Van heusden added that, “as a direct result” of Wetzel’s work, Carle’s NICU has one of the lowest necrotizing enterocolitis rates in the Vermont Oxford Quality Database, a collaborative of more than 1,200 hospitals working to improve neonatal care. Wetzel noted Carle’s exclusive human milk feeding protocols for the highest risk infants are also very important to the hospital’s low NEC rates.
“I am beaming with pride,” says Urbana campus director Krista Jones, DNP, MSN, RN, PHNA-BC. “This is a well-deserved recognition of Christine’s brilliant, compassionate work and education of our students.”

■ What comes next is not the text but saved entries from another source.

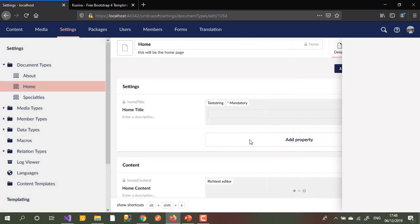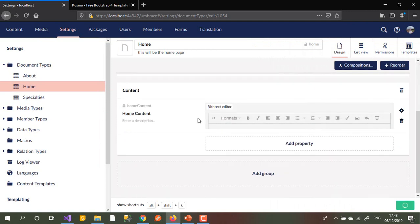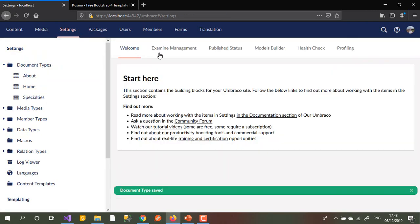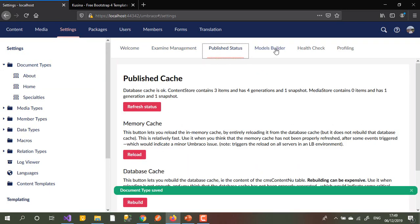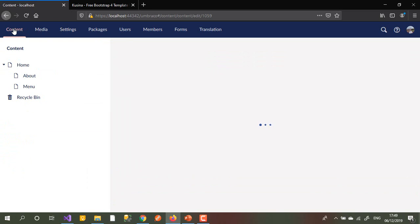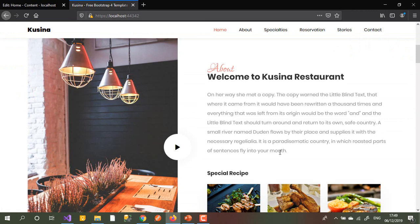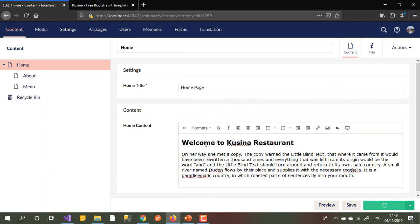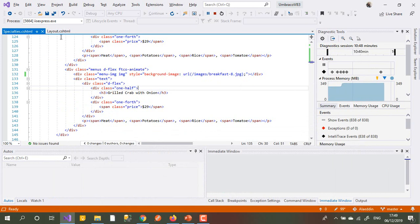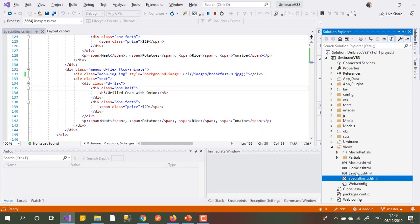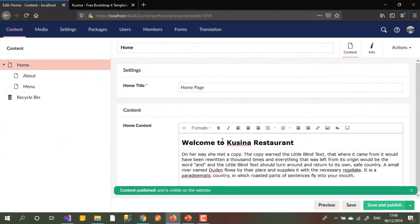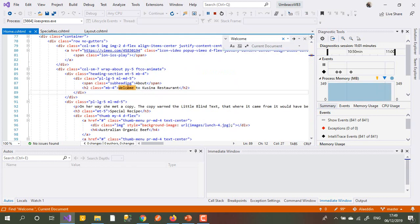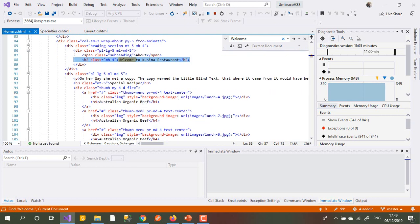I submit and save that. After saving, sometimes we need to rebuild the models. I go back to my home page content and I can see that content field there. I copy the content with the title, paste it in, and save. Then I go back to the template file we call the home page view.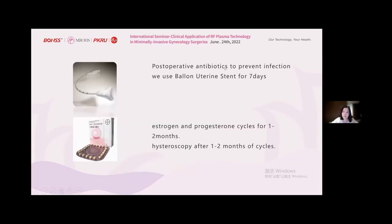Postoperative antibiotics are given to prevent infection. We use a long uterine stent for seven days. Estrogen and progesterone are given in cycles for one to two months, with hysteroscopy review after one to two months of cycles.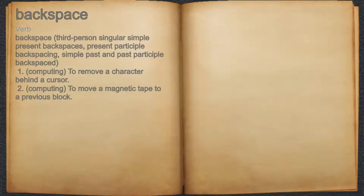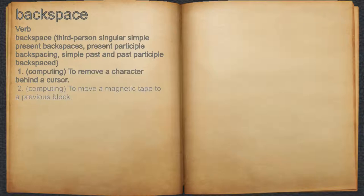Backspace. Verb. 1. Computing: to remove a character behind a cursor. 2. Computing: to move a magnetic tape to a previous block.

Throughout Wetzel’s 28-year nursing career, she has been a passionate advocate of the importance of breast milk. She recently introduced the “Evaluation of Mother’s Own Milk (eMOM)” guide to help mothers and nurses assess breast milk production during the first month of a preterm infant’s life.
Wetzel calls herself a “legacy nurse” because her grandmother was a nurse, adding that it was important to her to continue practicing at the bedside even after getting a doctoral degree.
“As a University of Illinois Chicago clinical instructor, I encourage my students to consider bedside nursing as a lifelong career,” Wetzel said in her conference remarks. “I am not just a bedside nurse. I am a proud, highly skilled, lifesaving Magnet nurse with a truly rewarding career.”
The award was presented during the 2021 ANCC National Magnet Conference and the ANCC Pathway to Excellence Conference in Atlanta, which recognized the outstanding contributions of a clinical nurse in each of the five Magnet model components: transformational leadership; structural empowerment; exemplary professional practice; new knowledge, innovations and improvements; and empirical outcomes.